* **Exercise instructions**: Please reproduce the lines of the records below from the one holding "old navy XL" through the one holding "Santa Claus Christmas", inclusive, skipping all pictures.

* **Records**:
================
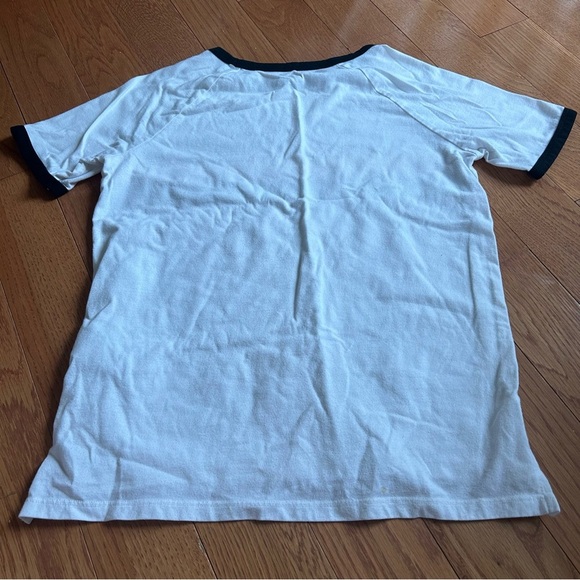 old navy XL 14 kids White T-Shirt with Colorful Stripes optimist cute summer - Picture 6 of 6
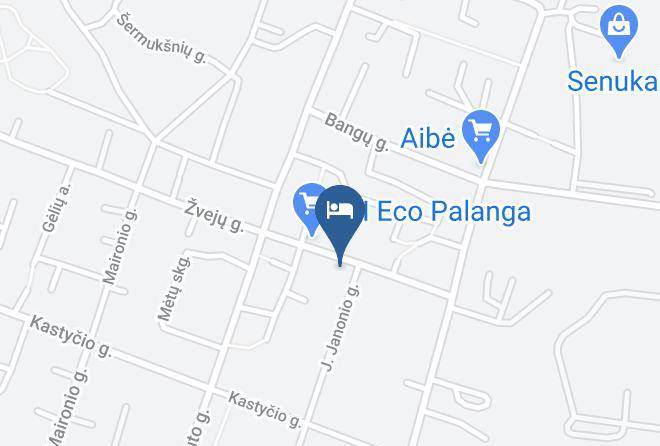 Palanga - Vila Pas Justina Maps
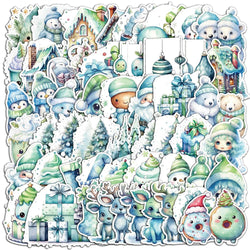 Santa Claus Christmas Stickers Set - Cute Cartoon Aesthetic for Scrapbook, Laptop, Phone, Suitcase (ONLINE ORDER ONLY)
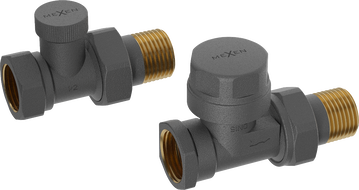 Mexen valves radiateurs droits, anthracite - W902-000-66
================
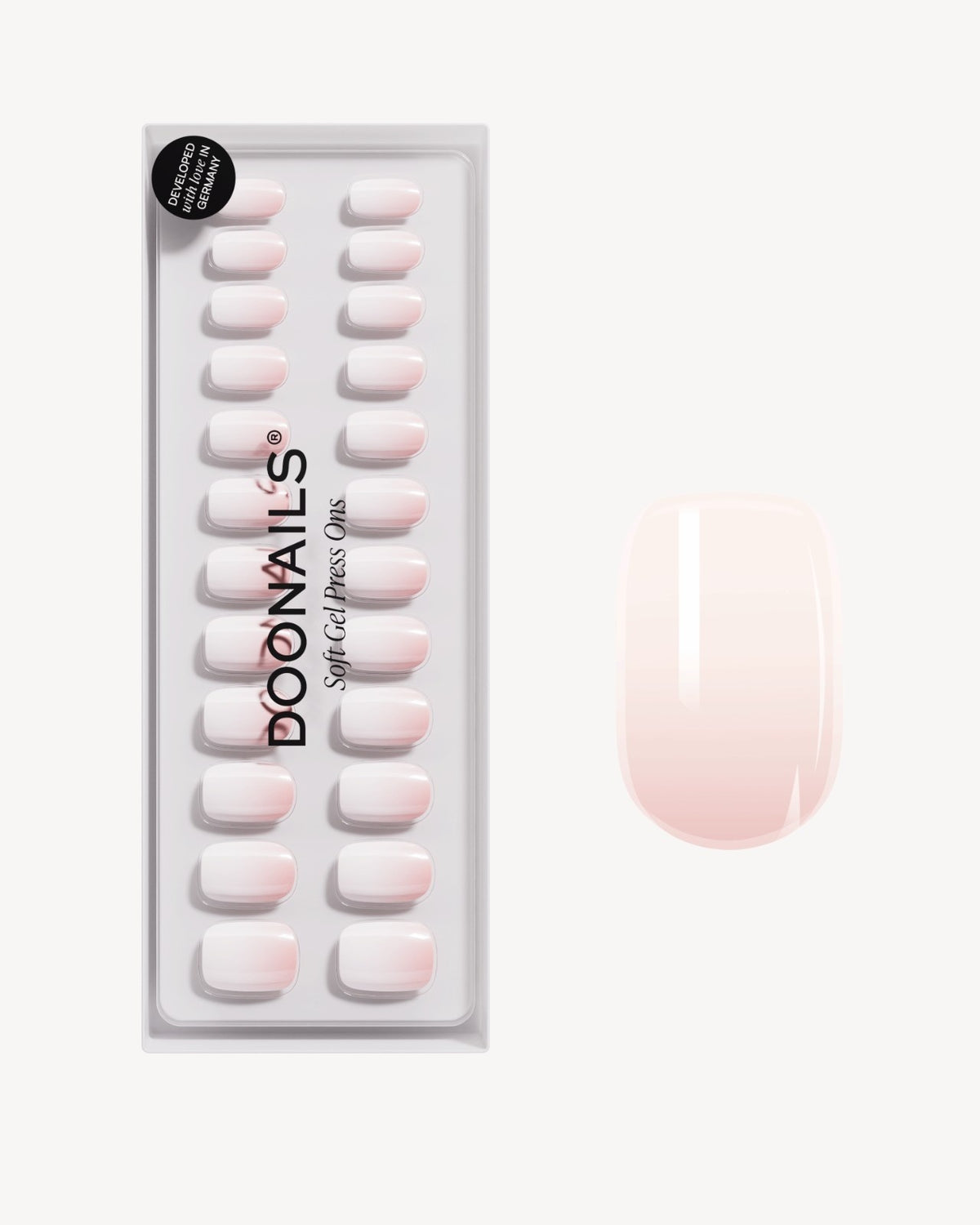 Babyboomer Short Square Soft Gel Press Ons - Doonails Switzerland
================
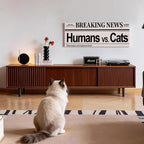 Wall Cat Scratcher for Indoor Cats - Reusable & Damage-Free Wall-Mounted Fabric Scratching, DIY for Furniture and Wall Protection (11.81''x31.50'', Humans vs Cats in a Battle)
================
* **Response area**:
 old navy XL 14 kids White T-Shirt with Colorful Stripes optimist cute summer - Picture 6 of 6
 Palanga - Vila Pas Justina Maps
 Santa Claus Christmas Stickers Set - Cute Cartoon Aesthetic for Scrapbook, Laptop, Phone, Suitcase (ONLINE ORDER ONLY)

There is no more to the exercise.